**EXERCISE REQUIREMENTS:** Copy exactly, and only, the lines from the one containing "this 634×423 image." through the last line of the records below.

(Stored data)
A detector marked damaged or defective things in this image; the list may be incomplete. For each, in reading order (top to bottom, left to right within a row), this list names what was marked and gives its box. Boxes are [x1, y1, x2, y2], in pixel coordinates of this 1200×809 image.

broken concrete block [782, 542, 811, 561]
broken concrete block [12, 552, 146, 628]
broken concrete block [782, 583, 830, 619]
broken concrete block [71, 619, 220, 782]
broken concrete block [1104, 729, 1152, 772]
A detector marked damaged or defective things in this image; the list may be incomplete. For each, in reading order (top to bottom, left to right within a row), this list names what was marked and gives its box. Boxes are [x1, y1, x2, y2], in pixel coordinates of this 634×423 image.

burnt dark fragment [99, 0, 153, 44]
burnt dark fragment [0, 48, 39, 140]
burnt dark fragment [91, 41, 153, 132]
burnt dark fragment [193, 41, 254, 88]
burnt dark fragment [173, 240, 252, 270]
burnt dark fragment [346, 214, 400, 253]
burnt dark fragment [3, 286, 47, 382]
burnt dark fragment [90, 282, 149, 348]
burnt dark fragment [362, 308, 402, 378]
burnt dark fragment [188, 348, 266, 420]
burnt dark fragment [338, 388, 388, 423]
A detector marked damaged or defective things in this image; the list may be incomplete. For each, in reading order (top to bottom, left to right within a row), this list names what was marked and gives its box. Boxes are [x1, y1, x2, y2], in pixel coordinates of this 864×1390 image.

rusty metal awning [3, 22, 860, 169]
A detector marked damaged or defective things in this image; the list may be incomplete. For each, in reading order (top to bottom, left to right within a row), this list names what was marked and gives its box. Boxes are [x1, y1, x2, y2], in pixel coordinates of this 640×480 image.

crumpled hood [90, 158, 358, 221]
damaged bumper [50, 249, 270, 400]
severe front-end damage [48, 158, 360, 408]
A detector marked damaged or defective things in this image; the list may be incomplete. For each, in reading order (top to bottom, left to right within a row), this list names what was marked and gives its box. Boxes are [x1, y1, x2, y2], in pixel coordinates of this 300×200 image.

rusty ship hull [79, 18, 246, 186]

**RESPONSE TO THIS EXERCISE:**
A detector marked damaged or defective things in this image; the list may be incomplete. For each, in reading order (top to bottom, left to right within a row), this list names what was marked and gives its box. Boxes are [x1, y1, x2, y2], in pixel coordinates of this 634×423 image.

burnt dark fragment [99, 0, 153, 44]
burnt dark fragment [0, 48, 39, 140]
burnt dark fragment [91, 41, 153, 132]
burnt dark fragment [193, 41, 254, 88]
burnt dark fragment [173, 240, 252, 270]
burnt dark fragment [346, 214, 400, 253]
burnt dark fragment [3, 286, 47, 382]
burnt dark fragment [90, 282, 149, 348]
burnt dark fragment [362, 308, 402, 378]
burnt dark fragment [188, 348, 266, 420]
burnt dark fragment [338, 388, 388, 423]
A detector marked damaged or defective things in this image; the list may be incomplete. For each, in reading order (top to bottom, left to right within a row), this list names what was marked and gives its box. Boxes are [x1, y1, x2, y2], in pixel coordinates of this 864×1390 image.

rusty metal awning [3, 22, 860, 169]
A detector marked damaged or defective things in this image; the list may be incomplete. For each, in reading order (top to bottom, left to right within a row), this list names what was marked and gives its box. Boxes are [x1, y1, x2, y2], in pixel coordinates of this 640×480 image.

crumpled hood [90, 158, 358, 221]
damaged bumper [50, 249, 270, 400]
severe front-end damage [48, 158, 360, 408]
A detector marked damaged or defective things in this image; the list may be incomplete. For each, in reading order (top to bottom, left to right within a row), this list names what was marked and gives its box. Boxes are [x1, y1, x2, y2], in pixel coordinates of this 300×200 image.

rusty ship hull [79, 18, 246, 186]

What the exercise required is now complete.